Question 9. Which of the following script is used to check scripts that have failed jobs ?
a = load '/mapred/history/done' using HadoopJobHistoryLoader() as (j:map[], m:map[], r:map[]);b = foreach a generate (Chararray) j#'STATUS' as status, j#'PIG_SCRIPT_ID' as id, j#'USER' as user, j#'JOBNAME' as script_name, j#'JOBID' as job;c = filter b by status != 'SUCCESS';dump c;
a = load '/mapred/history/done' using HadoopJobHistoryLoader() as (j:map[], m:map[], r:map[]);b = foreach a generate j#'PIG_SCRIPT_ID' as id, j#'USER' as user, j#'JOBNAME' as script_name, (Long) r#'NUMBER_REDUCES' as reduces;c = group b by (id, user, script_name) parallel 10;d = foreach c generate group.user, group.script_name, MAX(b.reduces) as max_reduces;e = filter d by max_reduces == 1;dump e;
a = load '/mapred/history/done' using HadoopJobHistoryLoader() as (j:map[], m:map[], r:map[]);b = foreach a generate j#'PIG_SCRIPT_ID' as id, j#'USER' as user, j#'QUEUE_NAME' as queue;c = group b by (id, user, queue) parallel 10;d = foreach c generate group.user, group.queue, COUNT(b);dump d;
None of the mentioned
Explanation:-
Answer: Option A. -> a = load '/mapred/history/done' using HadoopJobHistoryLoader() as (j:map[], m:map[], r:map[]);b = foreach a generate (Chararray) j#'STATUS' as status, j#'PIG_SCRIPT_ID' as id, j#'USER' as user, j#'JOBNAME' as script_name, j#'JOBID' as job;c = filter b by status != 'SUCCESS';dump c;
Pig provides the ability to register a listener to receive event notifications during the execution of a script.

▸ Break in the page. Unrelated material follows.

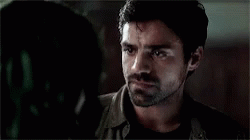 Staring Thegifted GIF - Staring Thegifted Marcos GIFs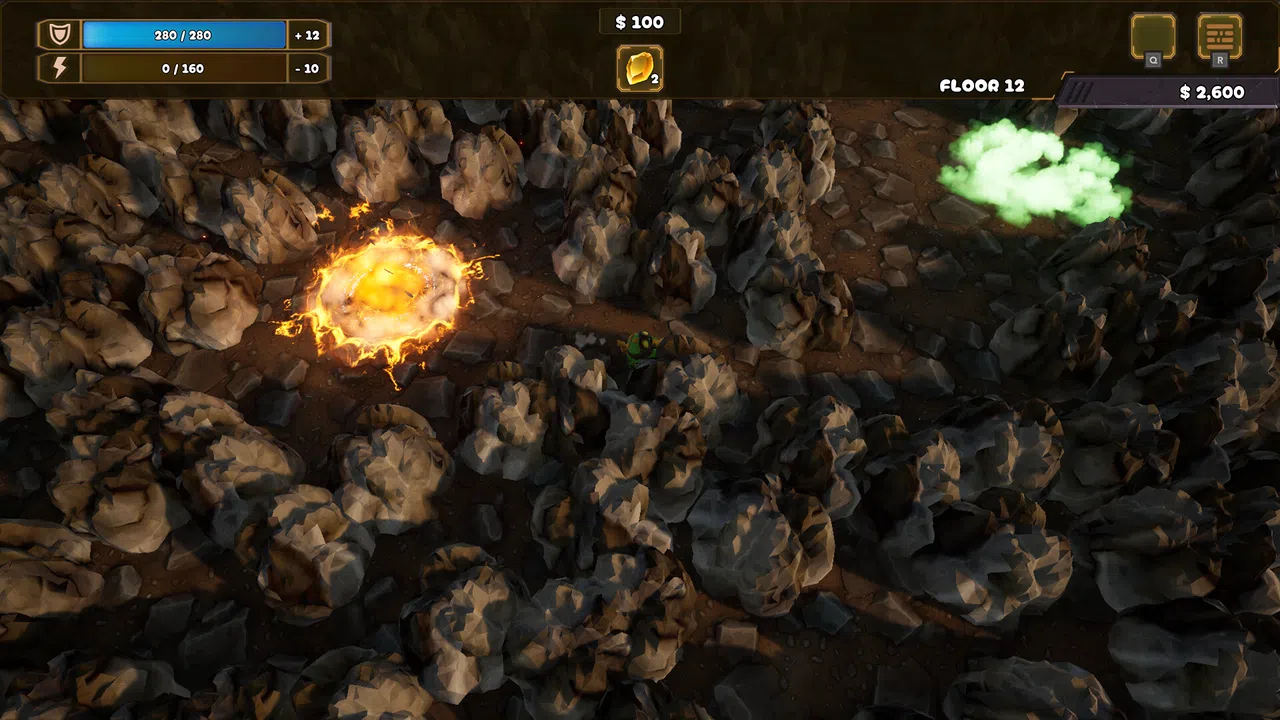 TankOre Mining Screenshot 2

Question 10. Which of the following code is used to find scripts that use only the default parallelism ?
a = load '/mapred/history/done' using HadoopJobHistoryLoader() as (j:map[], m:map[], r:map[]);b = foreach a generate (Chararray) j#'STATUS' as status, j#'PIG_SCRIPT_ID' as id, j#'USER' as user, j#'JOBNAME' as script_name, j#'JOBID' as job;c = filter b by status != 'SUCCESS';dump c;
a = load '/mapred/history/done' using HadoopJobHistoryLoader() as (j:map[], m:map[], r:map[]);b = foreach a generate j#'PIG_SCRIPT_ID' as id, j#'USER' as user, j#'JOBNAME' as script_name, (Long) r#'NUMBER_REDUCES' as reduces;c = group b by (id, user, script_name) parallel 10;d = foreach c generate group.user, group.script_name, MAX(b.reduces) as max_reduces;e = filter d by max_reduces == 1;dump e;
a = load '/mapred/history/done' using HadoopJobHistoryLoader() as (j:map[], m:map[], r:map[]);b = foreach a generate j#'PIG_SCRIPT_ID' as id, j#'USER' as user, j#'QUEUE_NAME' as queue;c = group b by (id, user, queue) parallel 10;d = foreach c generate group.user, group.queue, COUNT(b);dump d;
None of the mentioned
Explanation:-
Answer: Option B. -> a = load '/mapred/history/done' using HadoopJobHistoryLoader() as (j:map[], m:map[], r:map[]);b = foreach a generate j#'PIG_SCRIPT_ID' as id, j#'USER' as user, j#'JOBNAME' as script_name, (Long) r#'NUMBER_REDUCES' as reduces;c = group b by (id, user, script_name) parallel 10;d = foreach c generate group.user, group.script_name, MAX(b.reduces) as max_reduces;e = filter d by max_reduces == 1;dump e;
The first map in the schema contains job-related entries.